- [Requirement] The following entries are to be repeated exactly, and the pictures are to be left behind.

[Brief descriptive captions]

↓↓↓

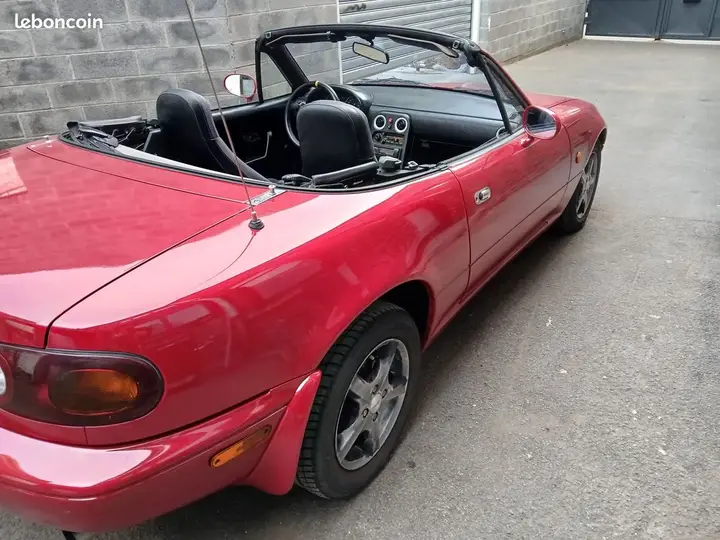 Mazda Mx-5 1991 photo 3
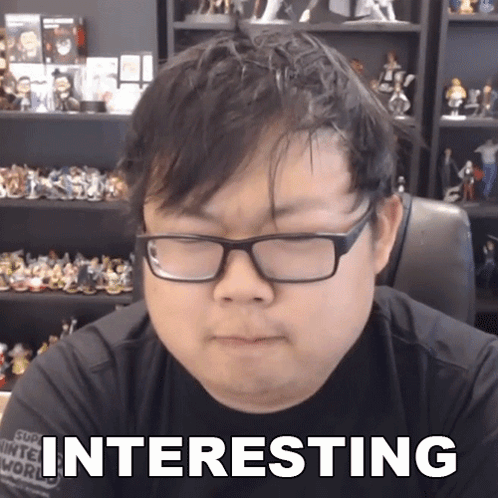 Interesting Sungwon Cho GIF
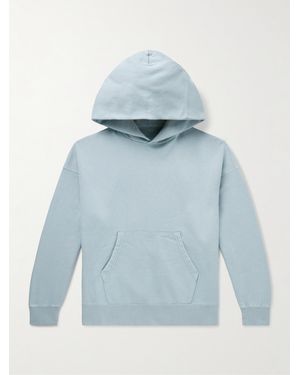 Visvim Felpa Con Cappuccio - Blu
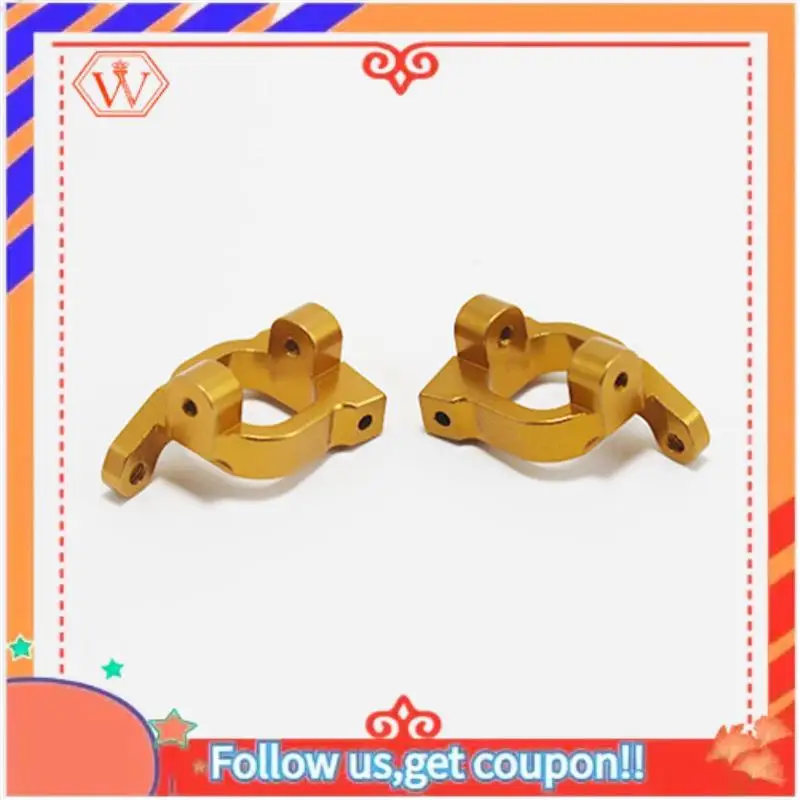 Durable 2 Set For Wltoys 1:14 144001 Full Upgrade Spare Parts Metal C Seat Steering Cup Swing Arm Central Drive Shaft,Yellow
Durable 2 Set For Wltoys 1:14 144001 Full Upgrade Spare Parts Metal C Seat Steering Cup Swing Arm Central Drive Shaft,Yellow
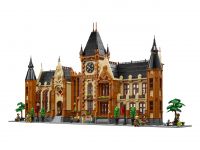 LEGO Bricklink 910068 Naturwissenschaftliche Universität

↑↑↑

- [Response area]
 Mazda Mx-5 1991 photo 3
 Interesting Sungwon Cho GIF
 Visvim Felpa Con Cappuccio - Blu
 Durable 2 Set For Wltoys 1:14 144001 Full Upgrade Spare Parts Metal C Seat Steering Cup Swing Arm Central Drive Shaft,Yellow
Durable 2 Set For Wltoys 1:14 144001 Full Upgrade Spare Parts Metal C Seat Steering Cup Swing Arm Central Drive Shaft,Yellow
 LEGO Bricklink 910068 Naturwissenschaftliche Universität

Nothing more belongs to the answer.